無料メッセンジャーアプリ「LINE」が中国国内でアクセス不能になり、すでに1ヵ月が経過した。これまでも中国政府はグレートファイヤーウォール(防火長城)と呼ばれるネット検閲システムを利用し、「反政府活動」や「公序良俗」違反の温床になり得るネットサービスを監視下に入れ、場合によってはアクセス規制をしてきた。

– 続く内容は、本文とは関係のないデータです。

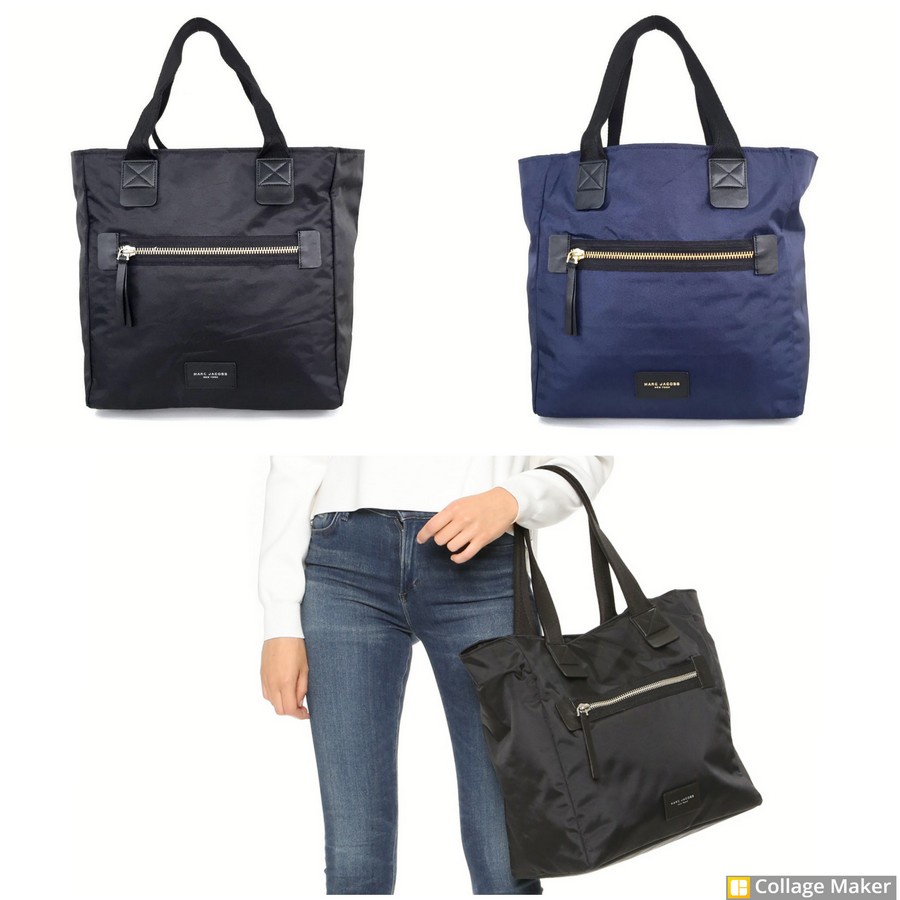 Tas MJ Biker North South Nylon Tote Bag Original Biru Blue Navy Besar Ori Travel Kantor Roomy Shoppi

「LINE」もついにその対象になった恰好だが、ここ半年の中国政府の動向と中国モバイルサービスはどのような展開になっているのか。
グレートファイヤーウォール(防火長城)
による情報統制
そもそもグレートファイヤーウォールとは、中国政府国家公安部により「公安活動のIT化」を目的とした金盾計画の中核として、1999年から開発が始まった大規模なネット検閲システムである。対象は「反政府活動」と「公序良俗」に反するネット上のサービスであり、規制対象となったウェブサイトやサービス企業へ警告、最悪の場合アクセス遮断となり、中国国内からは一切通信ができなくなる。
そのファイヤーウォールの通過基準は公式には明かされていないが、一般には以下の3点と言われている。

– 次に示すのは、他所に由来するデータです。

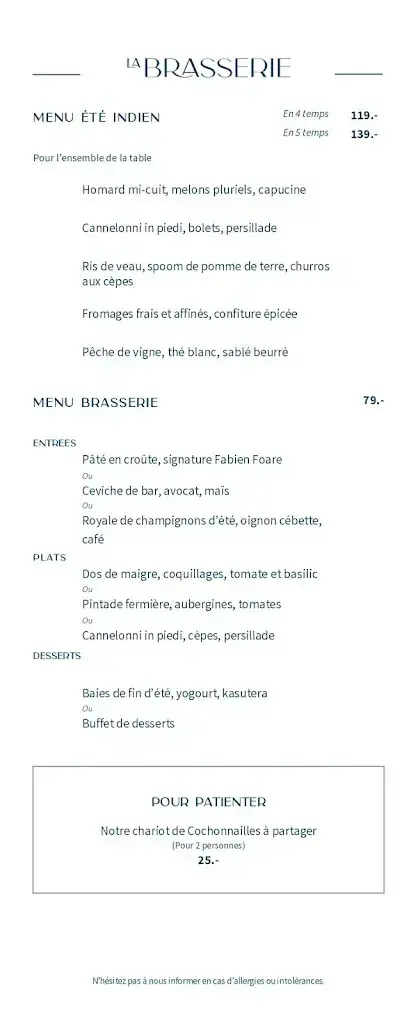 Menu_La Brasserie Millennium_Crissier_image_3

・特殊な暗号化などグレートファイヤーウォールによる検閲を回避している、と政府当局に判断されないシステム、サービスであること。
・企業が「自主的」に規制対象となるキーワード等項目を排除する防止措置がとられていること。
・政府からの「反政府活動」や「公序良俗」に反する情報排除への協力要請に応じること。
上記事項が守られていない、と中国政府に判断されると、[図1]のような処理に従い警告やアクセス遮断がなされている。また規制対象となるキーワードは時期や治安情勢により流動的で、全国人民代表大会(中国における国会)前後や、天安門事件や香港返還など歴史的事件が発生した日付の前後など、メディアやSNSで話題が頻発する時期にキーワードの規制が極度に強化されるケースも多い。

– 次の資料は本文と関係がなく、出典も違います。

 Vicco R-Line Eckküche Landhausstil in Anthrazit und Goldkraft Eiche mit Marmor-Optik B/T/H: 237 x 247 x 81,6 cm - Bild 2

実際に制限対象となったサイトとしては、「反政府活動」の温床になり得ると判断された、中国政府への許認可を取っていない海外の報道に関するウェブサイト(BBCなど)や、法輪功や天安門事件批判などへのアクセスを可能にするグーグル、または「公序良俗」に反するアダルトやギャンブルに関するサイトなど多岐に渡る。